This NYT-OpenAI discovery issue can complicate any news organization’s copyright lawsuit against AI providers: which parts are original?

Context: The New York Times and defendants OpenAI and Microsoft are still embroiled in a number of discovery disputes (June 12, 2024 ai fray article). Questions keep piling up for Judge Sidney H. Stein to decide, also in the earlier-filed and related Authors’ Guild v. OpenAI & Microsoft case (June 22, 2024 ai fray article). And new cases of this kind keep getting filed (June 27, 2024 Reveal article).

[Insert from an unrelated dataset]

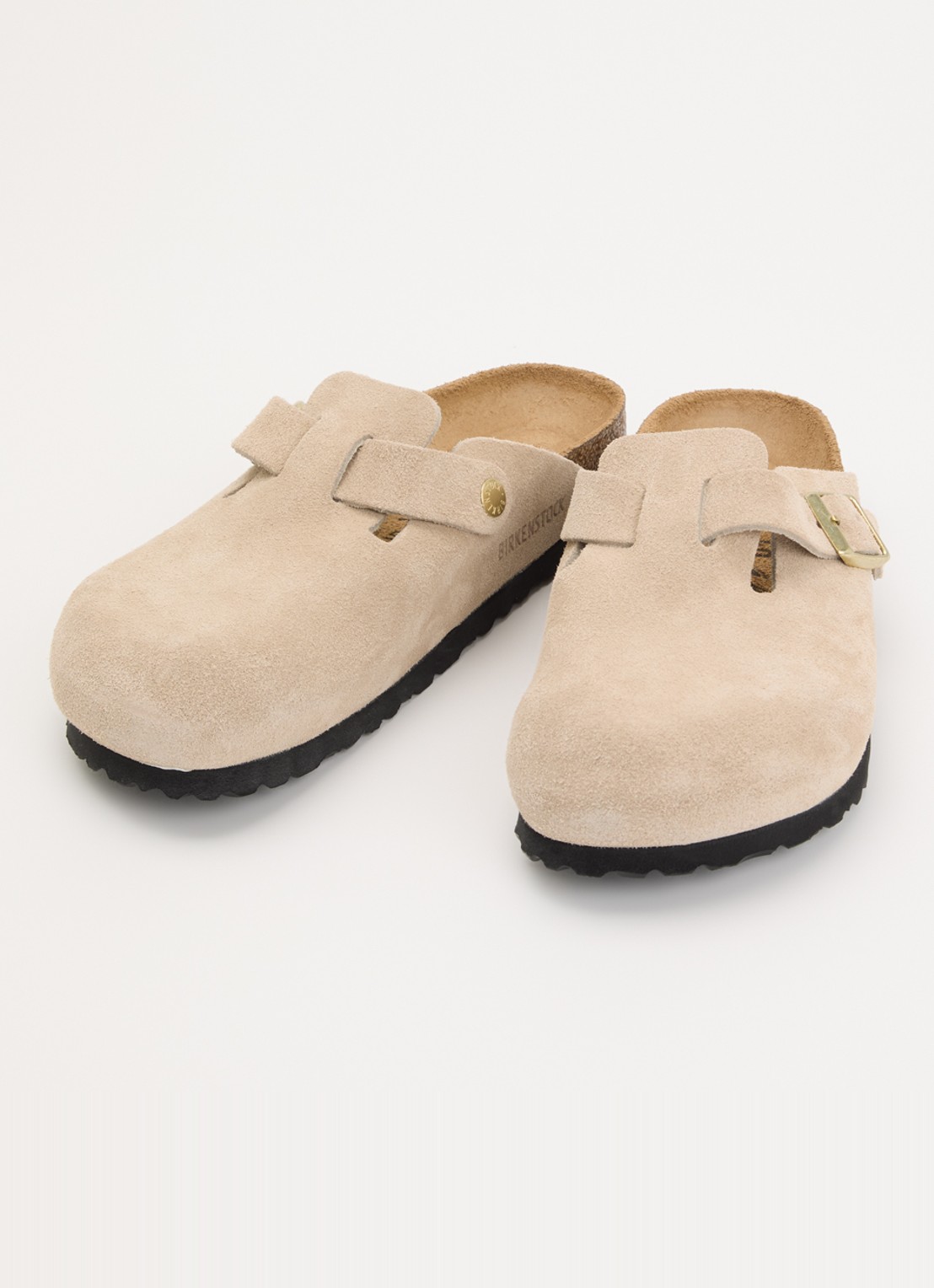 Birkenstock Narrow Fit Boston muiltje van suède - detail 2 beige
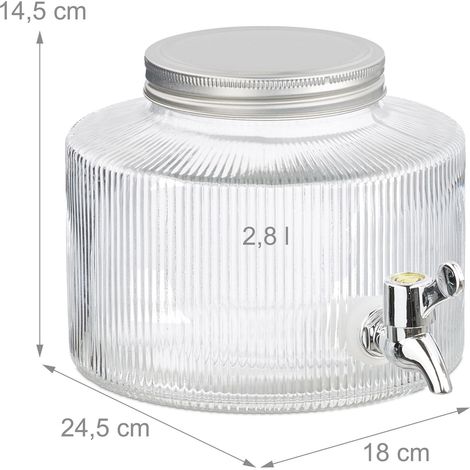 Dispensador de bebidas vintage elegante 2,8 litros con grifo práctico jardín fiesta de vidrio transparente 130016347 (1/5)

What’s new: Yesterday (July 1, 2024), OpenAI’s lawyers made a filing (PDF) raising an issue that may considerably up the ante for any news publisher asserting copyrights against AI provider. By touting the quality of its reporting and its massive investments in the editorial process, the NYT has provoked discovery requests relating to reporter’s notes and other information that enables a distinction between the NYT’s original creative works and those parts of the asserted articles that are actually from other sources (such as interviewees, news agencies or press releases; note that OpenAI’s filing does not provide those examples, but ai fray believes that they are relevant).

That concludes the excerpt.